Had a problem finding it via the search function, but you can put PH82590296 in the cart here: Grizzly.com® -- Add multiple items to your order and it'll pull it up


----------



## healeydays

I know this is an old link, but am bringing it back to life.  I am thinking about picking up one of these lathes but have a question.  

According to the manual the tailstock is setup for a MT2 taper, but the site says it's a MT1.

Can someone who has used one tell me which is true?


----------



## Ehunt

healeydays said:


> I know this is an old link, but am bringing it back to life.  I am thinking about picking up one of these lathes but have a question.
> 
> According to the manual the tailstock is setup for a MT2 taper, but the site says it's a MT1.
> 
> Can someone who has used one tell me which is true?
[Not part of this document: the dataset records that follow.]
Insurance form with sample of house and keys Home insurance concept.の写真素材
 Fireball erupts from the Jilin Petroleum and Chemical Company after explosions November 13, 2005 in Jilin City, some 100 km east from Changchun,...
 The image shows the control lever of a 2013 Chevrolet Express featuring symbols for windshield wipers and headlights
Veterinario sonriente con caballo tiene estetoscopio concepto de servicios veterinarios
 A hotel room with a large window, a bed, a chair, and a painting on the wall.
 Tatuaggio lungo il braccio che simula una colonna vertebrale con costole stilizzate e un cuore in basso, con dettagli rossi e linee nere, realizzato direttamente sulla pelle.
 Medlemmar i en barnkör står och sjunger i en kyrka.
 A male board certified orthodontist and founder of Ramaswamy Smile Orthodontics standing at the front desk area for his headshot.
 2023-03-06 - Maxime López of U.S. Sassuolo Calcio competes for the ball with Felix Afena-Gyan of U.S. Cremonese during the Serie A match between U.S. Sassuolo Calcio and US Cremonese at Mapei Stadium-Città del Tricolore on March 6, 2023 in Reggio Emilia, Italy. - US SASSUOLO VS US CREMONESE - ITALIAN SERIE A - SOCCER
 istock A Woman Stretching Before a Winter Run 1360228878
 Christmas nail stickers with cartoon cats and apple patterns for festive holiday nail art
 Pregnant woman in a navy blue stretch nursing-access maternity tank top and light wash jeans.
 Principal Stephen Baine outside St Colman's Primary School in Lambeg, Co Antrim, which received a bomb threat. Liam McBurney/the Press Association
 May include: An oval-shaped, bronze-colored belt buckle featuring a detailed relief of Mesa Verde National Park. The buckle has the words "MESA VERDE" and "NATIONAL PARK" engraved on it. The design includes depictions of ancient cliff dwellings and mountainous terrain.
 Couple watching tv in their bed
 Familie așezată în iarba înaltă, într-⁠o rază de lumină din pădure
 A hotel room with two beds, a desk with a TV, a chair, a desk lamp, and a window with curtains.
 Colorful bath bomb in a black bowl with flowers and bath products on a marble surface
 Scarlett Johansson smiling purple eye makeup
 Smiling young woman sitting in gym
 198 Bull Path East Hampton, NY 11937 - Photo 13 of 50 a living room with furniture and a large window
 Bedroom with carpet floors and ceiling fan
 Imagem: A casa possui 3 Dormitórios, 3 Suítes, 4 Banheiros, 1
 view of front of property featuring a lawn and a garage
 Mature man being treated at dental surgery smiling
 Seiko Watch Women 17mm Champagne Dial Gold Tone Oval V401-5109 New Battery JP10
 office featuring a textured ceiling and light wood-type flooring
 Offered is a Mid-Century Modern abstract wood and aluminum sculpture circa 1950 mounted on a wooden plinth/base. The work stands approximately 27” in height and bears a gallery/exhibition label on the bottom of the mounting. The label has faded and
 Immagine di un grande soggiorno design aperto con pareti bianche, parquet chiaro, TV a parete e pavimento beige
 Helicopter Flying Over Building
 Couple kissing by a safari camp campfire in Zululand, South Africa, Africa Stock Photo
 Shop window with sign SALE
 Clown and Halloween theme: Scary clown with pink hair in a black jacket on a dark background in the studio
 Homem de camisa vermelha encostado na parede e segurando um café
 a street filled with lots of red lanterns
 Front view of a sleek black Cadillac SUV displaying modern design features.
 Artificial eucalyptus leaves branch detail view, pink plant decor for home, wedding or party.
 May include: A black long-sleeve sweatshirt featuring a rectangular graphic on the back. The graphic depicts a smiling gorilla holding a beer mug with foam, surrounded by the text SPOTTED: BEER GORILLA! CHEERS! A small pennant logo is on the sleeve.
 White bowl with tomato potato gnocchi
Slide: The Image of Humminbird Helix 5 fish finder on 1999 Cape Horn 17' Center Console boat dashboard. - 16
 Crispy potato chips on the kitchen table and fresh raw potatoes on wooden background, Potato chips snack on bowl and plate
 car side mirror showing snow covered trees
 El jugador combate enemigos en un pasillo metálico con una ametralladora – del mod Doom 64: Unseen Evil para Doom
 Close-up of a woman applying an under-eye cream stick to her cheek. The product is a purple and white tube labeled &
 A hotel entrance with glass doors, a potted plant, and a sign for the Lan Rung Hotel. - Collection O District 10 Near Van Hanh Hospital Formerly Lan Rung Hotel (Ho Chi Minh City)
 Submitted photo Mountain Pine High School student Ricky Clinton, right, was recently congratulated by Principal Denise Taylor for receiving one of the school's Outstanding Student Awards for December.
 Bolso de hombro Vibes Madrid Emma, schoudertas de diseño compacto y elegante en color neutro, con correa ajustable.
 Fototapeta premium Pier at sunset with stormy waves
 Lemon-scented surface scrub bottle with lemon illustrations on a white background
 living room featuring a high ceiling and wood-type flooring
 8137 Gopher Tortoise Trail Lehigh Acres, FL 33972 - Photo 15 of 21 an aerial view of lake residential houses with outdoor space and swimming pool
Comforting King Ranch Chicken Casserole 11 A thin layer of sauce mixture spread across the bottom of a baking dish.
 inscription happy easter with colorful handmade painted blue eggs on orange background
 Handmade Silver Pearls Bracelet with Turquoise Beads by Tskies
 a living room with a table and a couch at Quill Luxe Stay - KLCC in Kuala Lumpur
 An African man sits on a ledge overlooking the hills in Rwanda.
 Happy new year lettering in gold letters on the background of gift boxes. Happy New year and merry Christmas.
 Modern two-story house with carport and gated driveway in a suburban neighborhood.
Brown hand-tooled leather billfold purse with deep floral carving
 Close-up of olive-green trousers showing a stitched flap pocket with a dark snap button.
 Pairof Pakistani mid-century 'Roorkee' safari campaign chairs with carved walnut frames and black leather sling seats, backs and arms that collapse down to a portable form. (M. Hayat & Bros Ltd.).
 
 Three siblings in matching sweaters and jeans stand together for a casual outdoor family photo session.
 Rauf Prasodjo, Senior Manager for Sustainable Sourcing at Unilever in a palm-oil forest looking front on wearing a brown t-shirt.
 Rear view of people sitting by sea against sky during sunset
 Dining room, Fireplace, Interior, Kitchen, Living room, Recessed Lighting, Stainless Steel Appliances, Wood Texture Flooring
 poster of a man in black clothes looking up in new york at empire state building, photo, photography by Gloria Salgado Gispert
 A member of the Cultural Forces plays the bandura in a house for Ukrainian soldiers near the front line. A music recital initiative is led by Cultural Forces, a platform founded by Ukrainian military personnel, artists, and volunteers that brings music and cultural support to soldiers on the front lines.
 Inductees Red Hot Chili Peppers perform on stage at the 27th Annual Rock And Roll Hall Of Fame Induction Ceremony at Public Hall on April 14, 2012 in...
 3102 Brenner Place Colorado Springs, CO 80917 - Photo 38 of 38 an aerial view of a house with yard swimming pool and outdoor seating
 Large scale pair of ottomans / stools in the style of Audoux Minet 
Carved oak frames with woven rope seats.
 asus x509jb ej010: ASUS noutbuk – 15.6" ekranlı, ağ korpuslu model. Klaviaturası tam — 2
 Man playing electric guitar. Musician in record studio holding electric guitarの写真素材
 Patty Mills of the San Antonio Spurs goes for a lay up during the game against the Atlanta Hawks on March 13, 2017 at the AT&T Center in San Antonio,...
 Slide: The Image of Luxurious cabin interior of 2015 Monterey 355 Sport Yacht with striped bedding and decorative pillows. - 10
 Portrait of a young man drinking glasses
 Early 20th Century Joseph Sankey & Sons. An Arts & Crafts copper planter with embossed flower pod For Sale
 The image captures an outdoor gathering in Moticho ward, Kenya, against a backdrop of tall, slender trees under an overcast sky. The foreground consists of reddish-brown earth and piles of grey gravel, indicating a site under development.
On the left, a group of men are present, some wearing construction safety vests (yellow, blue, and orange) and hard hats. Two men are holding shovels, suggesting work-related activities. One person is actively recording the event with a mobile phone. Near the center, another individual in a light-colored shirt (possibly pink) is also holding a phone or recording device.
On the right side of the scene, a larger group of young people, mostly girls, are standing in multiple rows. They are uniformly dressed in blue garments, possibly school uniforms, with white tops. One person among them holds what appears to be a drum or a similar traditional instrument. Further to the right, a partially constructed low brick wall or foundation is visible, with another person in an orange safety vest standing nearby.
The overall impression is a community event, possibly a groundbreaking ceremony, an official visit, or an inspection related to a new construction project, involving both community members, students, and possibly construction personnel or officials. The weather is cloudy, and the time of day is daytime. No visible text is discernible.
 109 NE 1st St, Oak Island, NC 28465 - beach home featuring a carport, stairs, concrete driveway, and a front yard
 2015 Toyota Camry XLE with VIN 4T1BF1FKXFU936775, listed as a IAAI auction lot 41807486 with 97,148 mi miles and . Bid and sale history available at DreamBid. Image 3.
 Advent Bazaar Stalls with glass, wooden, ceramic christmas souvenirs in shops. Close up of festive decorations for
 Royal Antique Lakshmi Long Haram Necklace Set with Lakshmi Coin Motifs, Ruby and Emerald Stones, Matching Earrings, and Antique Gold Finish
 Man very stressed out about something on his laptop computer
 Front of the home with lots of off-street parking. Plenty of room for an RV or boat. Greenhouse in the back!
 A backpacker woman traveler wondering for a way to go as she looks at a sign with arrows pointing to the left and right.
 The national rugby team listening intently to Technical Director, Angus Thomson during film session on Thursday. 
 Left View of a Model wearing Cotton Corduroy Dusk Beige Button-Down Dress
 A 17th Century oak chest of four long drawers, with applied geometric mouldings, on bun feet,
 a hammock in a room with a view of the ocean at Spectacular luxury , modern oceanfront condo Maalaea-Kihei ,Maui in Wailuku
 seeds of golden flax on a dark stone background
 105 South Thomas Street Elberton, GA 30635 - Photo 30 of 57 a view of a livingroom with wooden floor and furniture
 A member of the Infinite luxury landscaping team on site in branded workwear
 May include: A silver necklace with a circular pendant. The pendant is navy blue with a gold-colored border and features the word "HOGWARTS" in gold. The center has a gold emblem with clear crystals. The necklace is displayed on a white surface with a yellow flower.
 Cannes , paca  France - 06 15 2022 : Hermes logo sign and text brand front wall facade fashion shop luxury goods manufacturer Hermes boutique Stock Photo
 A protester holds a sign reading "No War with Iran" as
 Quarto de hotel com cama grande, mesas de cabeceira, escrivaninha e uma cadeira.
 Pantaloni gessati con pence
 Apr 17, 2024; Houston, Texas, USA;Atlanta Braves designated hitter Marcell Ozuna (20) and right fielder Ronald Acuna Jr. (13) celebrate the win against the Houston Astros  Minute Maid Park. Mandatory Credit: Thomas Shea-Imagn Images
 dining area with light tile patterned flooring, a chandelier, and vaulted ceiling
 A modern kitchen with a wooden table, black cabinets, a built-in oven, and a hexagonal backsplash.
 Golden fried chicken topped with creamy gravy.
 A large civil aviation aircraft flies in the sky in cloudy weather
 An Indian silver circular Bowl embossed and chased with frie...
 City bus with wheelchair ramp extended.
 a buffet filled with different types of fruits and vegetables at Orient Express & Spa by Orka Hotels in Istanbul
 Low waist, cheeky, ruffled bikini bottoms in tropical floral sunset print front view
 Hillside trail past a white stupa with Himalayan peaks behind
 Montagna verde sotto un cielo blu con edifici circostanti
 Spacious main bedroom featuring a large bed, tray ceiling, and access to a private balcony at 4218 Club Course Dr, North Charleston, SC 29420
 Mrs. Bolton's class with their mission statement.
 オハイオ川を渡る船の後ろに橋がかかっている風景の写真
That's a misprint on the web site, tailstock is MT2


----------



## Trickrick

*Love mine!*

I've had my harbor freight lather for about 3 months and LOVE it!
Wasn't sure if I would get into turning so I didn't drop a huge wad of loot.
I have only turned pens so far, but am very happy with it.
You can get a replacement belt from a NAPA store.....sorry, I don't know the number off hand, but its a regular type automotive serpentine belt


----------



## SAWDUST 101

If you buy from Harbor Freight, be sure to use the 20% off coupon in most Sundays papers. You can save big bucks.

Don


----------



## healeydays

Thanks anyways guys, picked up a Jet 1014


----------